Hazard ratio (HR) for Txnrd1 gene expression calculated by accounting for the clinico-pathological covariates available in the respective datasets along with 95% CI, and significance values is provided for disease-specific survival (DSS), overall survival (OS), recurrence-free survival (RFS) and distant metastasis-free survival (DMFS) are provided. Values for HR and significance are indicated in bold if p<0.05.

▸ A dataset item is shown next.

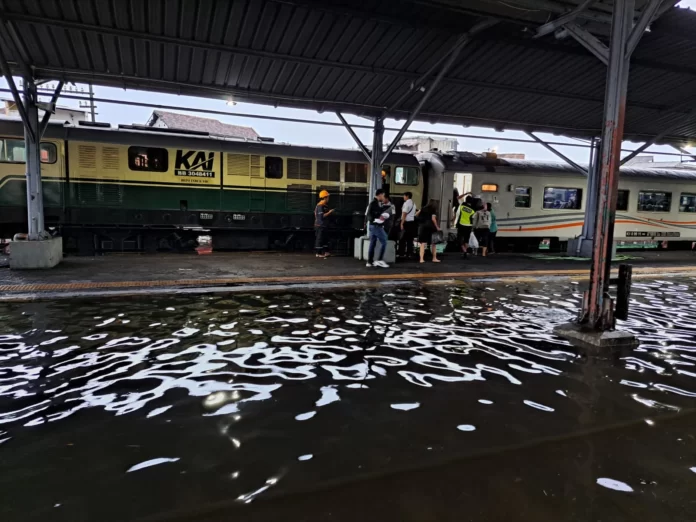 Banjir di Stasiun Semarang Tawang Bank Jateng. Foto: PT KAI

Dataset	Hazard Ratio (HR)	CI (95%)	Significance	Covariates
DSS
GSE3494	2.321	1.066–5.052	0.034	ER, PR, age, size, LN
Miller	2.165	0.971–4.825	0.059	Age, ER, PR, LN, p53, size
Chin 2006	1.006	0.481–2.102	0.988	ER, PR, Size, Stage, Subtype
Node Negative	1.623	0.999–2.638	0.05	Age, Size, ER, stage
OS
METABRIC	1.106	1.036–1.181	0.002	ER, PR, HER2, Histology, Menopause
TCGA	1.171	0.325–4.22	0.81	Age, weight, menopause, histology, node, T stage
GSE124647	1.303	0.943–1.8	0.11	PR, therapy, Stage
Caldas	3.674	0.644–20.948	0.143	Age, stage, ER, grade, size
GSE22226	0.836	0.478–1.461	0.529	Age, size, histology, ER, PR, HER2, PAM50, T stage
GSE9893	1.417	1.139–1.762	0.002	Age, size, grade, histology, T, N
GSE10886	0.003	0.000–2.751	0.096	Age, PR, HER2, node, size
GSE39004	2.242	0.52–9.664	0.28	Age, ER, TNBC, stage, grade, node
GSE7390	1.623	0.88–2.995	0.12	Age, size, histology, grade, ER
RFS
GSE22219	1.791	1.104–2.904	0.018	Age, size, node, ER, grade
GSE25055	1.752	1.088–2.824	0.021	ER, PR, HER2, ESR, ERBB2
GSE25066	1.788	1.357–2.356	<0.001	Age, grade, pCR, RCB, ERBB2
GSE7390	1.685	1.045–2.717	0.032	Age, size, grade, ER, histology
GSE22226	0.993	0.622–1.586	0.978	Age, histology, size, T stage, ER, PR, HER2, subtype
GSE32603	1.217	0.813–1.823	0.34	HR, HER2
Wang 2005	1.819	1.23–2.691	0.003	ER, LN
GSE30682	1.556	1.03–2.352	0.036	Age, T, N
Caldas 2007	0.764	0.183–3.191	0.764	Age, ER, Grade, Stage, size
GSE18229	1.537	0.788–2.995	0.207	Age, ER, PR, HER2, grade, subtype
DMFS
GSE158309	1.798	1.295–2.497	<0.001	Age, node, grade, size, subtype
Yau 2010	1.182	1.001–1.395	0.048	ER, ERBB, PAM50
Node Negative	1.623	0.999–2.638	0.05	Age, size, ER, grade, histology
GSE9893	1.496	1.197–1.871	<0.001	Histology, grade, size, T, N

Significant differences in overall survival among breast cancer patients based on Txnrd1 gene expression were observed in 4 out of 10 datasets (S2A-J & Table 3). Survival distribution differences were studied by the combined survival analysis conducted after pooling data from all ten datasets. Breast cancer patients with Txnrd1 over-expression exhibited significantly shorter overall survival (13.819 ± 0.532 years) compared to those with low Txnrd1 expression (15.856 ± 0.607 years) (Log-Rank test, p = 0.009) (Fig. 3D) indicating Txnrd1^High group of patients are more likely to succumb to death almost 2 years ealier than Txnrd1^Low patients.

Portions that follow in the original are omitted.